Escribo sobre esta vida desconocida y los seres que la habitan, que me queman y después me arrojan agua, que me hieren y luego se disculpan, me hacen llorar y seguidamente me abrazan, me mienten y se arrodillan.

Escribo entre lágrimas invisibles de un corazón abatido por las huellas que le ha dejado el tiempo en el que jamás se convertirá, desde la fortaleza de un ser único que aún no se ha dejado engañar por las miserias de este planeta y que ante todo ama la naturaleza de lo que es y no ha olvidado.

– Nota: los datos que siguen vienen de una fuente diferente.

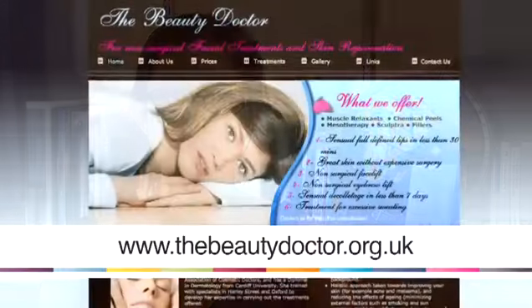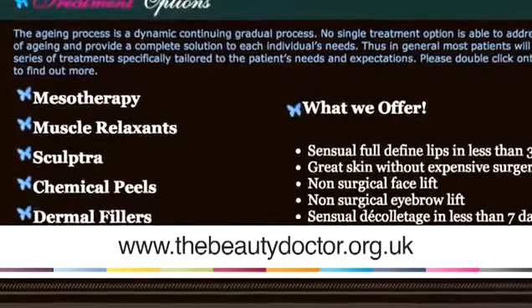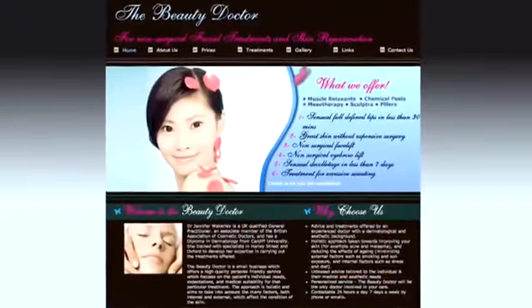My name is Dr Jenny Wakeley. I work as a GP in the NHS and also specialise in dermatology. I run a company called The Beauty Doctor specialising in cosmetic treatments and dermatological advice. I'm here today to talk to you about how to get rid of your facial scars.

Escribo porque tengo miedo a, un día cualquiera, no poder recordar todo lo que he sido y el porqué de mi razón de seguir vivo, de ser más grande a cada instante que se desvanece, y sentir… sentir, percibir como pocos todo lo que hace grande a esta vida y no dejar de descubrirlo jamás.

Escribo por el mismo motivo que un músico necesita componer canciones, un pintor expresar con sus cuadros o un actor interpretar un personaje.

Escribo para sentirme vivo, para advertirme un poco más lleno.

Escribo porque alguien tiene que hacerlo, escribo porque no lo haces tú.»

Deja aquí tu comentario!.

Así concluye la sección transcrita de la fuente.